When two or more people own property as joint tenants, they're signing up to a unique legal interest in land that effectively treats them as a single, unified entity. Joint tenants have the right to use property together -- ideally, they should encumber property together. However, many states permit a single joint tenant to encumber property, such as taking out a mortgage, without the knowledge or consent of the other. The effect of such an act depends on where you live.
Joint tenancy is a form of co-ownership that allows two or more individuals to co-own property. It has certain unique characteristics. Joint tenants must have unity of interest, which means they each hold an equal share in the home. They must also have unity of time, title and possession, which gives each of them the right to occupy, use and take income from the property equally and concurrently. The defining characteristic of a joint tenancy, however, is the right of survivorship. Death eliminates a deceased joint tenant's share in the property, so that the surviving co-owner takes automatic title to the entire property.
A mortgage is the pledge of real estate as security for a loan. It does not itself create the loan: this is done by promissory note, which in layman's term is the borrower's promise to repay the debt. A joint mortgage is any promissory note taken out by more than one borrower, secured by real estate. It requires two or more people to share finances and responsibility for the debt. Typically, joint mortgages are given on a joint and several basis. This means that each co-borrower is 100 percent responsible for repayment of the loan. If one borrower refuses to pay, the lender simply recovers the full amount from the second borrower. The real estate used as collateral for the loan doesn't have to be owned jointly by the borrowers, though it typically is.
In theory, one joint tenant can take out a mortgage against the joint tenancy property without the consent or even the knowledge of the other joint tenants. Some states allow a borrower to do this without defeating the joint tenancy arrangement, although the lender's lien attaches only to the borrower's interest in the property. An interesting situation then arises when the borrower dies. Death severs a joint tenancy by terminating the decedent's share in the property. By definition, the mortgage lien must end as well, denying the lender the collateral for his loan. The survivor takes the property free of the mortgage debt.

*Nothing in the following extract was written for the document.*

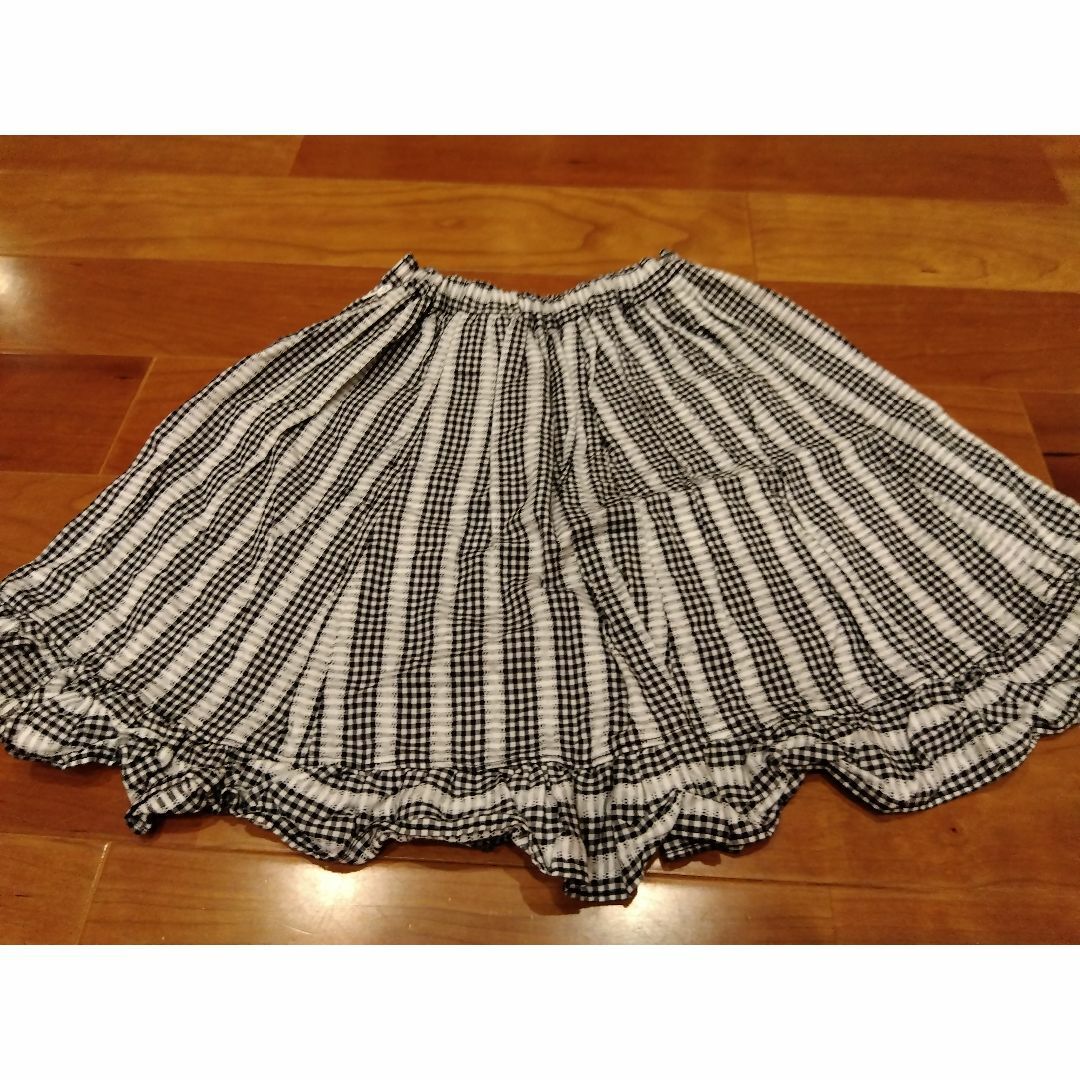 mezzo piano(メゾピアノ)のmezzo piano　スカート キッズ/ベビー/マタニティのキッズ服女の子用(90cm~)(スカート)の商品写真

The above scenario has a very different result if the borrower does anything to destroy one of the four joint-tenancy unities of time, title, interest or possession. Some states consider the grant of a mortgage by one joint tenant an effective conveyance of his part share, destroying the unities and severing the joint tenancy. Severing a joint tenancy converts it to a tenancy in common, which means that each owner retains his fractional share in the property but without a right of survivorship, so that each owner may independently dispose of his share. If the borrower dies in a "title theory" jurisdiction, the mortgage survives against the mortgagor's share of the house, and the lender can foreclose or otherwise enforce the mortgage against that share.